Like, looking at the input cap for example, you will have input bias current on the op amp and that will give some DC offset. Maybe it's negative or positive. Depends on direction of I_B. Maybe it's normal for it to go into the op amp and so the right side will be negative. That doesn't tell you anything about the voltage on the input side though. Being a newbie, I have no clue what DC offset might be there coming from DAC. So this is something I'm unsure about and would love to hear what the people here think and learn why this is okay.

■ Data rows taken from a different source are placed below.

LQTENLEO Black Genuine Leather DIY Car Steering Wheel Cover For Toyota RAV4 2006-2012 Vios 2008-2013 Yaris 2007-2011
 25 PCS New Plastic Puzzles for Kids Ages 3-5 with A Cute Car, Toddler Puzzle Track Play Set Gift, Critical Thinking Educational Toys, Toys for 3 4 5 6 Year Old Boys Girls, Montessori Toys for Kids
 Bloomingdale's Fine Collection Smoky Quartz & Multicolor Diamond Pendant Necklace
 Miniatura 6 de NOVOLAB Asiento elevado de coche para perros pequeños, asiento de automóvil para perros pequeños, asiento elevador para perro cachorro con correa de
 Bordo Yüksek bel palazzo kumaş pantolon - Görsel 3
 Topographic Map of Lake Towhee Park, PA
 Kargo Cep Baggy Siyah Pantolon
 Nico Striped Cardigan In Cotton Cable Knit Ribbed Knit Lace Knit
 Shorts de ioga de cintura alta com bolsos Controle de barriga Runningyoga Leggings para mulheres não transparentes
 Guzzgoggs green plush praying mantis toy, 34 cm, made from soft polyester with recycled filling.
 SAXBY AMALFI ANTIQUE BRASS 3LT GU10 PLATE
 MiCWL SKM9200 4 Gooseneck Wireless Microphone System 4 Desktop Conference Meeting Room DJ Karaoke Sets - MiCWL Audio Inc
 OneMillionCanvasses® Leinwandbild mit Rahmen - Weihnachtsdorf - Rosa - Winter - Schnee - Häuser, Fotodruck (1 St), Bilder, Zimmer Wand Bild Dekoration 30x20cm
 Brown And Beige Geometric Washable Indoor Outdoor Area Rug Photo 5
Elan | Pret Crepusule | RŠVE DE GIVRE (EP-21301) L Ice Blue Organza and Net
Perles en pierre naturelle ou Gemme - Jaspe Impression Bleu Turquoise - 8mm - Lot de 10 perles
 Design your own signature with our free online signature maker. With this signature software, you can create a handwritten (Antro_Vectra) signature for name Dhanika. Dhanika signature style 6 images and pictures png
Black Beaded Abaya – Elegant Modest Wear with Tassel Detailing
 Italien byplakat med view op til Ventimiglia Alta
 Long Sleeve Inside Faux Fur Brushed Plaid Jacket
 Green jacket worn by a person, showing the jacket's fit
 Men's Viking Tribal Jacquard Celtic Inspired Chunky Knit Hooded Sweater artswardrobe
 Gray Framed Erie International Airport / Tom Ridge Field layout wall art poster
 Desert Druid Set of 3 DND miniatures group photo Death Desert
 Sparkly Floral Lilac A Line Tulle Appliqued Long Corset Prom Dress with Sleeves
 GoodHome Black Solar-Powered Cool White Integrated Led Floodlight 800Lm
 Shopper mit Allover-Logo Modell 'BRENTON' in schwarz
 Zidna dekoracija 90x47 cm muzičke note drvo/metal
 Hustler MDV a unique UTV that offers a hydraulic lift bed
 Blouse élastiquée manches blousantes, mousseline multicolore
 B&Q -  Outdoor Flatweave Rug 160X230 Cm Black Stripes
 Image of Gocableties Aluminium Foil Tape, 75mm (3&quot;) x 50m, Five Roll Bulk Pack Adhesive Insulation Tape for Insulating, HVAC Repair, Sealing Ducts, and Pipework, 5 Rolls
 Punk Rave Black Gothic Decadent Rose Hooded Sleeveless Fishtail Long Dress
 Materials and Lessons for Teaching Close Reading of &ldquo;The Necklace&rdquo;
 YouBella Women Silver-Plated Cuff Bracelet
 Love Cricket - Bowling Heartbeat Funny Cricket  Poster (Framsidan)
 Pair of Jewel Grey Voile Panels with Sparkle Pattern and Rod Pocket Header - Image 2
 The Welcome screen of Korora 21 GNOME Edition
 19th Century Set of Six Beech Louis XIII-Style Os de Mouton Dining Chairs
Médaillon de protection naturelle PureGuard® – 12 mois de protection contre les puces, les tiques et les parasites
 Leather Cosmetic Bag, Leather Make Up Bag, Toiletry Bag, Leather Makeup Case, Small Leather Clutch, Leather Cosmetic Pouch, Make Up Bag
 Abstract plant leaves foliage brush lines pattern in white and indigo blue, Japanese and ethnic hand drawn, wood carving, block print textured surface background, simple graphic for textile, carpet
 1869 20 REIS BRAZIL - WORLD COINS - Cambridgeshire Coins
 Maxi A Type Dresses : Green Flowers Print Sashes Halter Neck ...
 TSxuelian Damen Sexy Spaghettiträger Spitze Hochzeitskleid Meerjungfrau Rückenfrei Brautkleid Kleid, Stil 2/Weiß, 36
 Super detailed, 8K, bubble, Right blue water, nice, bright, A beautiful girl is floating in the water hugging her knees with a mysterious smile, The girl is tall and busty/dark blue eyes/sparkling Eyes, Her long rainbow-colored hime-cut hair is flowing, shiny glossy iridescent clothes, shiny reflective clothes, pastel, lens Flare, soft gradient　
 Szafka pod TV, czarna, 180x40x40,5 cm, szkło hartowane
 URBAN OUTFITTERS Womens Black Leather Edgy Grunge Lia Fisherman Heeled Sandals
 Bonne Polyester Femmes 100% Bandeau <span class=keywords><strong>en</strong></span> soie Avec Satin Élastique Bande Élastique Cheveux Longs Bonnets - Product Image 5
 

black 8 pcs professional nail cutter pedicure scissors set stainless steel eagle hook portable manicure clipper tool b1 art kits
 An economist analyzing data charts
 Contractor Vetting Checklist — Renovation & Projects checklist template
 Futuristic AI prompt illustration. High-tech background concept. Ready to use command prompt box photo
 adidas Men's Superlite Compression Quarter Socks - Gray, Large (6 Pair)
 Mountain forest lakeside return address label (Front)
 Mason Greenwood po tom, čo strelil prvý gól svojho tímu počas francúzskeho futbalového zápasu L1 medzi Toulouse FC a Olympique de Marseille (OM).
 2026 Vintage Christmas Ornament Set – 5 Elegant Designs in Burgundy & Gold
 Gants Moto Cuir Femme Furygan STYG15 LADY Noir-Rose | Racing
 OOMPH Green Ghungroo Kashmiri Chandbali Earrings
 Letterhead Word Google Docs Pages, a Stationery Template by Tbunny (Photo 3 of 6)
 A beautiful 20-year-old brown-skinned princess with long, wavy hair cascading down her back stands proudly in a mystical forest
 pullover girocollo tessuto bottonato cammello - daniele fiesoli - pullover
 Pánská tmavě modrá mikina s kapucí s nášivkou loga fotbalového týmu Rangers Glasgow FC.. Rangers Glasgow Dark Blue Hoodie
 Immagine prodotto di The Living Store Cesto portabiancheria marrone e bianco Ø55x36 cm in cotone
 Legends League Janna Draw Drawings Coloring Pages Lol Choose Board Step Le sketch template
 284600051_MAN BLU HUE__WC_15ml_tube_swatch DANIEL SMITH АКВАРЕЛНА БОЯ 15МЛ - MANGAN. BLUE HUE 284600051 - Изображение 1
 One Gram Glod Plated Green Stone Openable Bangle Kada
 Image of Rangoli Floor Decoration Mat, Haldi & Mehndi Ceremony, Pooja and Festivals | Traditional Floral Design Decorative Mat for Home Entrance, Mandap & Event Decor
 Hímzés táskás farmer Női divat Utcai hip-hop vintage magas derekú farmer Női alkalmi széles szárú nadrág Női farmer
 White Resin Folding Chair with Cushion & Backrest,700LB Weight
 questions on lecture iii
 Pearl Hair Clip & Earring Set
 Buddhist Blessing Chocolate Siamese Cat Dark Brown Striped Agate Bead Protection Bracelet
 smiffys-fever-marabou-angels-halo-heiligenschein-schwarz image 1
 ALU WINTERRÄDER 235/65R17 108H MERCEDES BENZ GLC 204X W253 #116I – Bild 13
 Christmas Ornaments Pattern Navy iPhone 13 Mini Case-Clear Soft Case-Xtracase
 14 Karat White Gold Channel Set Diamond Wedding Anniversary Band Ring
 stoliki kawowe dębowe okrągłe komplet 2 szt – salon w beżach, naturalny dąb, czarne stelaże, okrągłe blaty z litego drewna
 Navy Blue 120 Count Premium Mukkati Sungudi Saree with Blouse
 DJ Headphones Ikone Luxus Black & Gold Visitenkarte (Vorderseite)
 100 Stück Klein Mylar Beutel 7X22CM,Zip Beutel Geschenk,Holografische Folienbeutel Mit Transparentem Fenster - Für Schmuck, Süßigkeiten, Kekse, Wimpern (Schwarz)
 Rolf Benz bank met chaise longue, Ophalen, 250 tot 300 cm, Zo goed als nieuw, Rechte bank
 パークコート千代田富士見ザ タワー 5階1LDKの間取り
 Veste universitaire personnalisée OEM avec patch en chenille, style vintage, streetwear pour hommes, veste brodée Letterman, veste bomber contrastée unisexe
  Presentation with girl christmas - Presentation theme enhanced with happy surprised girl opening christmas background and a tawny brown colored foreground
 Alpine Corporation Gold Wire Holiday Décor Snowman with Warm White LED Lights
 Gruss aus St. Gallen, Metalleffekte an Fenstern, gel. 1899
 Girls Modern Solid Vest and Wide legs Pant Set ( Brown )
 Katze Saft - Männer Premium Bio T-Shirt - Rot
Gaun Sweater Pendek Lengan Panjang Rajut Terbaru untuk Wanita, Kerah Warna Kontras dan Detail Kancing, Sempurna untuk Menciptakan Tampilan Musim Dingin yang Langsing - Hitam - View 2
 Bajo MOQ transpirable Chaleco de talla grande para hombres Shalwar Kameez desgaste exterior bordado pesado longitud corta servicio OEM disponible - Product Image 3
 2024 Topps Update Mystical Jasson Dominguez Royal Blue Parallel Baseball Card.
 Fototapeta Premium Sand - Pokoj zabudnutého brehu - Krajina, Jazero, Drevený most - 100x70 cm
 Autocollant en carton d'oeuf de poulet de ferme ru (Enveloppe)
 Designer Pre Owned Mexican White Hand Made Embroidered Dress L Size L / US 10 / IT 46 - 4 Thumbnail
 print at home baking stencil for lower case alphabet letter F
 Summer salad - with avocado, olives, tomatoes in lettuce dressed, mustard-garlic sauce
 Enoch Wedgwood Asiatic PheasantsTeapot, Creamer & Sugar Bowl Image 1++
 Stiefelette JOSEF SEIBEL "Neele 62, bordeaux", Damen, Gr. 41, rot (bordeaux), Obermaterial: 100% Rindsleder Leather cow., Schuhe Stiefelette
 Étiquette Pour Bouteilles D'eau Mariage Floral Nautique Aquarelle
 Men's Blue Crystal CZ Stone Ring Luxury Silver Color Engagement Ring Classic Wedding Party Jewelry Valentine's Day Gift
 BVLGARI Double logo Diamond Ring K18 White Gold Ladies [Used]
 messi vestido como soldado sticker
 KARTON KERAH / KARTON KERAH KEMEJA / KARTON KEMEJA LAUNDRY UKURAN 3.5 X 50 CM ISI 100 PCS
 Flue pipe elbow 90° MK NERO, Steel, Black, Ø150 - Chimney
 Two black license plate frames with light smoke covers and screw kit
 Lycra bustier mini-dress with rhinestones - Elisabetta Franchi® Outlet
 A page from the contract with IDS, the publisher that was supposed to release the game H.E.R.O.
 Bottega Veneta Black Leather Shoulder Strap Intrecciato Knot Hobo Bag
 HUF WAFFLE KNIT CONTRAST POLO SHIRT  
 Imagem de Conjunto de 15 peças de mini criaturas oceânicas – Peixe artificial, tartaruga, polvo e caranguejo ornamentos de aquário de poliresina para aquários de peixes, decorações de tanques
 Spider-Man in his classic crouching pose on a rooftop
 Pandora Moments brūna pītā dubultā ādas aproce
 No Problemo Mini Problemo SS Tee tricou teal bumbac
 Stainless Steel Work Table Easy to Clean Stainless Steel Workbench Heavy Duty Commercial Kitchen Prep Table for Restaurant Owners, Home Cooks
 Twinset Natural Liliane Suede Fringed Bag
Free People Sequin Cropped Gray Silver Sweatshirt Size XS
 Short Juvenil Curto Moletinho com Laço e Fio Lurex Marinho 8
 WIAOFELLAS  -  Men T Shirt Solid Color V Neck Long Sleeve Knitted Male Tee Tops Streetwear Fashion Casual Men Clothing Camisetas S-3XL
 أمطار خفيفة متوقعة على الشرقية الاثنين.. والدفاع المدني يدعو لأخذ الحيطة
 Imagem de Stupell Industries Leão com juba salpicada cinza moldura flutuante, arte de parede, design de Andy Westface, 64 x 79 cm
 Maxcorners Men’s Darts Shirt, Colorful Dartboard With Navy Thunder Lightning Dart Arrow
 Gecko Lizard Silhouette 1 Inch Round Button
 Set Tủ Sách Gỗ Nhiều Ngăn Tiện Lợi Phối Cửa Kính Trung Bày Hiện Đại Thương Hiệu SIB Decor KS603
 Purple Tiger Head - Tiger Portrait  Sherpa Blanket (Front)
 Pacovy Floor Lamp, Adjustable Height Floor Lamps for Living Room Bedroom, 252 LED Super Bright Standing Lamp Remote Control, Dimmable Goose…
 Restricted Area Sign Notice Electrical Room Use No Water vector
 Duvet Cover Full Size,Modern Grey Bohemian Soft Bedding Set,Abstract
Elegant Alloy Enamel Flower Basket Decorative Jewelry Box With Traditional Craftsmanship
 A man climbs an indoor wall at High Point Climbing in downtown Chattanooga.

An electrolytic capacitor can be considered as a capacitor in parallel with a "crappy" diode, so one should pay attention to the polarity of the voltage across it.
A better solution than shown in your circuit is to used a "non-polarized" electrolytic, which is basically two capacitors in series (with opposite polarity).
See:  https://techatronic.com/non-polarized-capacitor-detailed-information-what-is-a-non-polarized-capacitor/
However, if the voltage across the polarized capacitor itself is very small, the unit will still work as a capacitor, so long as the diode current is negligible.
Put a large reverse voltage across the polarized capacitor and it may well explode (literally).
In my audio work, however, I avoided using a normal electrolytic capacitor without a substantial DC voltage across it.

I've seen this same thing in audio power amplifiers for speakers and stuff. One day I'd like to make one and probe the voltages. Anyway, I think you're right. I think they use these electrolytics because they can count on very small DC voltages across them. I need to get around to reading more.

IIRC common wisdom is that elcos can take maybe up to 0.5V reverse bias without major trouble.
I presume it takes some non-zero voltage to trigger the electrochemical reactions involved in DC current flow.

The input side would be OK unless there is horrible DC offset from the upstream gear.
Input current of NE5532 flowing through 10kΩ to ground is just a few mV - not a problem.

But for output coupling? That looks a little dodgy :wtf:
It certainly robs you of one of the benefits of AC coupling, which is protecting the load from output stage failing short.
Not even sure what's the point of this capacitor at all - amp output is zero-centered without it, with just a few mV offset.

If you are concerned about A1 offset amplified by closed loop gain, put a cap between the stages like in Objective2.

That voltage seems reasonable for the parasitic diode in the capacitor.
Before electrolytic construction was used for capacitors, it was used in "electrolytic detectors" (Fessenden's invention for an RF detector diode) and "electrolytic rectifiers" (for power applications).